You've seen it before. But if you think about these car bodies, if you had to take a truck and transport them maybe 200, 300 meters away from the assembly line, then do the inspection and then say, okay, the assembly line is fine, you can continue to produce. And the novelty here is that is that we're being able to capture millions of points over fractions of time, and that's how we can allow metrology to be integrated into the assembly line. And the big novelty is the sensor, the white thing that you see that a robot is holding, plus the software. Another little revolution that I think you're getting grey hairs, Beau, like me.
When did we start this? 10 years ago as well. You see, it's not snappy snappy. It takes time to do revolutions. That's what they never figured out in France.
This is an optical probe. And what do we mean by an optical probe? The current technology is tactile, which means you have to touch the object you want to measure. And that is the restriction. The optical probe is using, we could say, laser beams or beams of light.
And by doing that, you can be much quicker inspecting various components. So that's the background to this development. And we saw an example with these blisks and blades, turbine engines for aircrafts. And Paolo showed you that we expect to build 30 1,000 new airplanes in the next 20 years. And it's just an absolute necessity to measure each and every blade in this engine.
And this has been the bottleneck to produce 30,000 airliners. And you've seen the backlogs of Boeing and Airbus growing. It's of course not only the engine parts, but this is a substantial part of the bottleneck in the construing an airliner. And the benefit is that you can run this much quicker, and you need to inspect 100%, as I said. So the benefit is speed and accuracy in combination.
And here are some preliminary numbers for various applications. BLISK is the new generation turbine blades that you use in aircraft engines. Turbine blades, the old technology, 70 percent improvement. Compressor blades, 60% Camshafts and crankshafts, significant improvements, as you can see. We're going to show you a short video where we're running a chicken run between the old technology to the left and the HBO.
So HBO is done now. And instead of boring you and continue, we're fast forwarding the video to the left. But here you can see the difference in time to inspect this little blade. Minute per blade, and that is We can save 1.5 minute per blade, and that is 120 man years. And this was just a tiny component.

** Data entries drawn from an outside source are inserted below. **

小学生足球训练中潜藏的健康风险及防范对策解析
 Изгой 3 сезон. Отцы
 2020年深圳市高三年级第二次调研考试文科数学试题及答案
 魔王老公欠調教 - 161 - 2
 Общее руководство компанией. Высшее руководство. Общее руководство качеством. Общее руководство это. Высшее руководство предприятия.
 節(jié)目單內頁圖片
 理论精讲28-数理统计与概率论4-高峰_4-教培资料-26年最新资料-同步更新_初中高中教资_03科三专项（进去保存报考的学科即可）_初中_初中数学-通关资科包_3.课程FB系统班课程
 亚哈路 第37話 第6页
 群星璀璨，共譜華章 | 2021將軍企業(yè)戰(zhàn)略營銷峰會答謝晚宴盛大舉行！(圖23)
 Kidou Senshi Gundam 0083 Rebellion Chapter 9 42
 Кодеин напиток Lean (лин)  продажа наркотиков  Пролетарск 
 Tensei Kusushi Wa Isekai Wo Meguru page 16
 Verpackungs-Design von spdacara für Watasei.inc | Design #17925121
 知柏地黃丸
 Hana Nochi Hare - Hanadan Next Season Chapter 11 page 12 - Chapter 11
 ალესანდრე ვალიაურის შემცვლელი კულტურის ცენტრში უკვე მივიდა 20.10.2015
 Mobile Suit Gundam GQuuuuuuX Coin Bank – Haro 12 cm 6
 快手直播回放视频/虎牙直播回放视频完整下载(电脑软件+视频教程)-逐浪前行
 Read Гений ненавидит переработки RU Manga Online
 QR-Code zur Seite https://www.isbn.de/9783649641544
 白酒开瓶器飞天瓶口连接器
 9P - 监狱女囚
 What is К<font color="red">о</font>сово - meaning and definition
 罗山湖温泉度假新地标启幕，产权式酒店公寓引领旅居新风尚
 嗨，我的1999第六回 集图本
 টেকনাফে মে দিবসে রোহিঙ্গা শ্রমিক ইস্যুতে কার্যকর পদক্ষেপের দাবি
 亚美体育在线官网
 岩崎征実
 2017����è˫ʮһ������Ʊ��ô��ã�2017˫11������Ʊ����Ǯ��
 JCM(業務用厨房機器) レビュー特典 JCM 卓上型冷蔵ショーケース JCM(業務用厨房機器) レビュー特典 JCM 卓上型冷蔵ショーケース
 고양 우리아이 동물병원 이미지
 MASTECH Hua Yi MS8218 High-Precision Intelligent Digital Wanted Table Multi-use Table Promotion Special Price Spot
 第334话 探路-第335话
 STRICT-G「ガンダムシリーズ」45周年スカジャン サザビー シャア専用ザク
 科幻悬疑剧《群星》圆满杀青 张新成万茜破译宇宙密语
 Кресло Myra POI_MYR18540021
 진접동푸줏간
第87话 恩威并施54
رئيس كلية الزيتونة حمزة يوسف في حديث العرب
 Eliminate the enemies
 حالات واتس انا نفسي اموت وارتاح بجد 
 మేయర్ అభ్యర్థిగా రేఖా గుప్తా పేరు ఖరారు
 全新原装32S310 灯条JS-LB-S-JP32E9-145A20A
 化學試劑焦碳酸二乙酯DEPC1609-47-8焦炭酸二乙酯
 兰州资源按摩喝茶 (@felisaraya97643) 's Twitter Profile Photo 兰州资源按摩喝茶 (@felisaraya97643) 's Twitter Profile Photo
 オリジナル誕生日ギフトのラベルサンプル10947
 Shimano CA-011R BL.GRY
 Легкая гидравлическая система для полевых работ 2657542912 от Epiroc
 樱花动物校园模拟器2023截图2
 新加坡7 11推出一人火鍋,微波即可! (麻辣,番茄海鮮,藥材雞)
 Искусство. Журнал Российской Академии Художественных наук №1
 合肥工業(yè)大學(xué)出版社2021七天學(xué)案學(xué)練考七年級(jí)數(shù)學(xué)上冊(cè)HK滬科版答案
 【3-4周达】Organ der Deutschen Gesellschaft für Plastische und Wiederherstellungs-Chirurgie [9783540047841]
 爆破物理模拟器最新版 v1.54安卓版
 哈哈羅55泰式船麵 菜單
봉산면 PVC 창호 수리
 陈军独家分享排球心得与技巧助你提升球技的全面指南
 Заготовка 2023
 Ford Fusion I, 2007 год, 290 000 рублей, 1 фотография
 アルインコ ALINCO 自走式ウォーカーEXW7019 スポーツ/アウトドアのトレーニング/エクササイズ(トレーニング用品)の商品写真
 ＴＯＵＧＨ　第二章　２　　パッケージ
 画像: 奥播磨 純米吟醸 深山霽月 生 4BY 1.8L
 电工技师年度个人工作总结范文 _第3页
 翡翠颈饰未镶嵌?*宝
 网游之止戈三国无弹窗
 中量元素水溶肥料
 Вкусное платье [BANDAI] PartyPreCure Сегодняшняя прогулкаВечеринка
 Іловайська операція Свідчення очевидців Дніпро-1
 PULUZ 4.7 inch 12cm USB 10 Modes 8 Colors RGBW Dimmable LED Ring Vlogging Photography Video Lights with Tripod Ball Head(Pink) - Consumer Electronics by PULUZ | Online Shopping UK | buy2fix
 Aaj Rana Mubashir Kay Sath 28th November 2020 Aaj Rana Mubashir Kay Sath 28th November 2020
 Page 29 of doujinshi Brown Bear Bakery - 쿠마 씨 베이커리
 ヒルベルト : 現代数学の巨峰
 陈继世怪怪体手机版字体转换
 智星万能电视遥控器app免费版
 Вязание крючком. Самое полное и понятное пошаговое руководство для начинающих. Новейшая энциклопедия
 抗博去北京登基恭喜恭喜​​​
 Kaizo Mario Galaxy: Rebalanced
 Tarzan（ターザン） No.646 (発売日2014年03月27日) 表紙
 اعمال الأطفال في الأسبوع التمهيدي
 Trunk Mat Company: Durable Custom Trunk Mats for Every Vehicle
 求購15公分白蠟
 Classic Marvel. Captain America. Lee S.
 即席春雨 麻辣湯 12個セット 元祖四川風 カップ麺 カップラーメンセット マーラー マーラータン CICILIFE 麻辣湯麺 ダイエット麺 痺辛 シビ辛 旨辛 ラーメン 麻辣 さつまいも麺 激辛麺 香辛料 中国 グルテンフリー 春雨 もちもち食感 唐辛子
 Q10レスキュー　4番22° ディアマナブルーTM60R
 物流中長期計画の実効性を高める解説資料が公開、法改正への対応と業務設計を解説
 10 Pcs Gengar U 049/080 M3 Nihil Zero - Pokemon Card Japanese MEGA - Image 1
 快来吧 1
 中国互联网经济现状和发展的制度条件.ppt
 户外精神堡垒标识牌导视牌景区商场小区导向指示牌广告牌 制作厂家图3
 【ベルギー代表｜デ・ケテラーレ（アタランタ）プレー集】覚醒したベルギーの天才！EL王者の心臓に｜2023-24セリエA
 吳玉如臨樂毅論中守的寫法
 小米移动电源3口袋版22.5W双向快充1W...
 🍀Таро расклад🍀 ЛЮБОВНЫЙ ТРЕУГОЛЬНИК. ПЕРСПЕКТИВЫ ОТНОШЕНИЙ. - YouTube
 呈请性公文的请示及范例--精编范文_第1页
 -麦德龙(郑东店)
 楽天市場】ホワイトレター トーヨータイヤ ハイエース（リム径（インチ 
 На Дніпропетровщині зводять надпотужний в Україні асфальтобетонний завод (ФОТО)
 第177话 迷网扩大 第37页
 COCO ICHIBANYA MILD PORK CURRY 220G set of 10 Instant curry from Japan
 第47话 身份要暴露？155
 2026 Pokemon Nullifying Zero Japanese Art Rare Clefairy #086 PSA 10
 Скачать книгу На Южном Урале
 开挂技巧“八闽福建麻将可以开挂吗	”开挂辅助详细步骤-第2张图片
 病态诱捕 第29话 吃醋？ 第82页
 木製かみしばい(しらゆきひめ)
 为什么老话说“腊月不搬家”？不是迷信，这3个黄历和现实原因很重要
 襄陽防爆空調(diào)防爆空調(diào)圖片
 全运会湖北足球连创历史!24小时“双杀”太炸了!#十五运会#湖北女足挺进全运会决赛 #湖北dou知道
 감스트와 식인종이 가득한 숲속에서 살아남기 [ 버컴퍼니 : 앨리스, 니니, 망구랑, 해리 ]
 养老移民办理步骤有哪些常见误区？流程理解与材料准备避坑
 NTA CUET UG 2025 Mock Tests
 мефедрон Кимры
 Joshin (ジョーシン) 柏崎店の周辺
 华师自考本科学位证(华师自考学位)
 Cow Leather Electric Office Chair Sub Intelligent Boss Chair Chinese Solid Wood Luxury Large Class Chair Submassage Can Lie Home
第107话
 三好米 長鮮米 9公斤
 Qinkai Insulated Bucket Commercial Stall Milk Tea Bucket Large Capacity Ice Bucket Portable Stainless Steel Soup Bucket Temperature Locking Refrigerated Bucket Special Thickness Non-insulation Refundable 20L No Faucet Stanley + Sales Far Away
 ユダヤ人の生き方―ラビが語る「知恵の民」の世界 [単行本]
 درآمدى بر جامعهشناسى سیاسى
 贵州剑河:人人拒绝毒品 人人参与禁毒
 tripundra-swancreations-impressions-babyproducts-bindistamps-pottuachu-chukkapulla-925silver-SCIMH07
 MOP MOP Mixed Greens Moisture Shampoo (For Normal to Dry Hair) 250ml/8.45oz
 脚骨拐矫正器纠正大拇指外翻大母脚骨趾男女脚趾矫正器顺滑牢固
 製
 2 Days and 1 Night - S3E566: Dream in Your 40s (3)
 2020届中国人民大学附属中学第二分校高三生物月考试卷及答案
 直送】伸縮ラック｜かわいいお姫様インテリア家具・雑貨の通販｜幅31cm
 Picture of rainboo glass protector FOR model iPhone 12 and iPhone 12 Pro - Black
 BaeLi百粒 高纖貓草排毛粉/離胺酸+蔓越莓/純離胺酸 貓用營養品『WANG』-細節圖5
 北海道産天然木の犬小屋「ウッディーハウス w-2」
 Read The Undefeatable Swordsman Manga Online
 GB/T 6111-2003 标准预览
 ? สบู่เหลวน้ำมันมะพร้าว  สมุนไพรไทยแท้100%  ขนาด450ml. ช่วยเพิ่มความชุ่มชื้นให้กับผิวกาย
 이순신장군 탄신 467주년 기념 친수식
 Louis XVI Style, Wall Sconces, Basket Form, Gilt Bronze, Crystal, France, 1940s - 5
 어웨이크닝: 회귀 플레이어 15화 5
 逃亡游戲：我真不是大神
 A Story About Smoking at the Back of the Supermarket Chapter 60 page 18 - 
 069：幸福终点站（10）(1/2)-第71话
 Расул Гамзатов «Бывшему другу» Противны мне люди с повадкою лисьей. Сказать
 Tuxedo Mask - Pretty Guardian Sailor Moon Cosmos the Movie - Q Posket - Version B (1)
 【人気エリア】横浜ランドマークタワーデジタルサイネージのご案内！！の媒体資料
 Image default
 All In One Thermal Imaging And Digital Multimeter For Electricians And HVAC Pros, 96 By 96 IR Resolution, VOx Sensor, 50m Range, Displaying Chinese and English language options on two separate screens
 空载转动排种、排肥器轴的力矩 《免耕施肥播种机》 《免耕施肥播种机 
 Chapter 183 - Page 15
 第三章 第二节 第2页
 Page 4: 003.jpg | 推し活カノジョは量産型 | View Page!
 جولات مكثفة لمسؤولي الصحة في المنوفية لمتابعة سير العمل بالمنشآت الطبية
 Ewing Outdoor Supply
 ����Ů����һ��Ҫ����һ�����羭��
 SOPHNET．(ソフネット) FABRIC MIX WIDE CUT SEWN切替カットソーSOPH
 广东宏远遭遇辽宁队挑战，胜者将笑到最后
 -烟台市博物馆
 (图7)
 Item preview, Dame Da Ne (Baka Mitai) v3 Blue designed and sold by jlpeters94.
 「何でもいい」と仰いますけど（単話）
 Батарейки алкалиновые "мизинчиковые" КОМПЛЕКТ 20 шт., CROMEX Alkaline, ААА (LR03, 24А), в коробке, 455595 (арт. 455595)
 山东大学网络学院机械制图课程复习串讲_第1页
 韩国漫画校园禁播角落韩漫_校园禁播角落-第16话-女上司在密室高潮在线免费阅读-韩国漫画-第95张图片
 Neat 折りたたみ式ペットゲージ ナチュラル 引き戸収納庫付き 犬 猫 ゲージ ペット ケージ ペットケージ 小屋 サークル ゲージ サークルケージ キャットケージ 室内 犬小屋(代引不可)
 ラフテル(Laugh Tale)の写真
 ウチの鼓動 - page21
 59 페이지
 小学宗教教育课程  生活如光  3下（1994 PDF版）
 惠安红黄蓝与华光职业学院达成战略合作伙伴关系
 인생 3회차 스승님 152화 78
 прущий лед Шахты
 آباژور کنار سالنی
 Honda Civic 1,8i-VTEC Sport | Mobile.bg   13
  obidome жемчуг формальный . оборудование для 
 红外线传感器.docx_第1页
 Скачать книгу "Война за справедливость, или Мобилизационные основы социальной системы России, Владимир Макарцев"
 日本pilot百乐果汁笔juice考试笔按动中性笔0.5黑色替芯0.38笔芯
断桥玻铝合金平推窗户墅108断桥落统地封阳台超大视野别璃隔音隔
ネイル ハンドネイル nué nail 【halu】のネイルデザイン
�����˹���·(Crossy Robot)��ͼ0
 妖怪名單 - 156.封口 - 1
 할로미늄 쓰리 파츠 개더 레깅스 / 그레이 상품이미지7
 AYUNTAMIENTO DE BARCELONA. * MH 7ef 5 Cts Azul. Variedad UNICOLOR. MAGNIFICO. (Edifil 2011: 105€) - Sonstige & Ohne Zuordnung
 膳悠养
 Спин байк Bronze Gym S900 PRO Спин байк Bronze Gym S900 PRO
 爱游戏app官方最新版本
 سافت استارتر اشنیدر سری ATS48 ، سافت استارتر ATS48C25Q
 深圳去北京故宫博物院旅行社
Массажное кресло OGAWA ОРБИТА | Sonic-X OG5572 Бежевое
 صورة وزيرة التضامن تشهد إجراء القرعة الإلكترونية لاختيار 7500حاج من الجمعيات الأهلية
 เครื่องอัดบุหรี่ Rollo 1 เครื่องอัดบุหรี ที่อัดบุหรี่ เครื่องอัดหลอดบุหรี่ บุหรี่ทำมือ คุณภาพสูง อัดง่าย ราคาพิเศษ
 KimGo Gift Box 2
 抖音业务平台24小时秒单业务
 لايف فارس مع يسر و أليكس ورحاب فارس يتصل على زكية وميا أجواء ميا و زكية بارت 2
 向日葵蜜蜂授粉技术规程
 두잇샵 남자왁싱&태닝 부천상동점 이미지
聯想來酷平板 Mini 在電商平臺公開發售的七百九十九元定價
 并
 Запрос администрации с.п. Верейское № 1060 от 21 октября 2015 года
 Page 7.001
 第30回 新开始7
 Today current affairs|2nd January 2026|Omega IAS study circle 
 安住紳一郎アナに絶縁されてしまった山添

Then you can think what we could do if you're an engine or a turbine manufacturer and you do this day in and day out. So this is a small revolution that we're really proud of. We heard about MMF, Metrology Management System, and that is our software our new software product that we're launching in connection to this event as well. What is MMS? You could say that MMS is the large network connecting islands of information into something comprehensive that you can understand.
Think once again of a large auto plant or something. They might have up to 50 islands of information that are not connected in any way. And what we do by this is we systematically connect these islands and bring them together to a dashboard so that you can see, you can create an overview what's the actual situation productivity and quality wise in your plant. So it's going to sit in the center, as we can see on this picture, of the manufacturing cycle. It needs to connect to CAM, Computer Aided Manufacturing, and it needs to connect to the CAD system.
And then around it, it can feed the PLM system, Now I'd like to talk a bit about Geosystems. Think Metrology is launching the largest novelties this year. Last year, we saw significant developments from Geosystems. But this year, Geosystems is moving from focusing on the hardware only into solution selling. And we heard Jurgen and his colleagues talk about the new sensors that we have collected over the past 3, 4, 5 years.
We have developed a mobile mapping device, which you see to the left. We've seen the UAV quite a few times. And we've developed significant novelties in our airborne sensor portfolio. We can now see underwater. We can do high altitude capturing of data and so forth.
And we've seen the new scanners that we have and the MS50. So we have a comprehensive range of sensors, and we can cover all aspects of the real world. So the idea now is to move from just focusing on the sensor, selling the sensor, but creating a business based on the sensor itself. If you're a surveyor and you buy a sensor or if you are a company flying an area buying an airborne camera, you can connect to our data exchange. It's going to be like an exchange.
Let's compare it to iTunes, for example, and you upload your data there. So you saw that lady that talked about the historic heritage and she they did laser scans and they scanned St. Paul's Cathedral and so on. So let's say you want to know something about St. Paul's Cathedral.
They could upload that scan into this exchange, and I could browse. We have a search engine, so you can find the latest scan ever done over St. Paul's Cathedral. And the beauty about this model is, of course, the financial impact it's got. If you fly North America, we say that it costs is it $4 per square kilometer year again?
Or is year again? Yes, like yours. So instead of 8, but let's use the number 8 here. It costs $4 to fly a square kilometer. The good thing is you sell it to the 1st customer and you get a tiny margin.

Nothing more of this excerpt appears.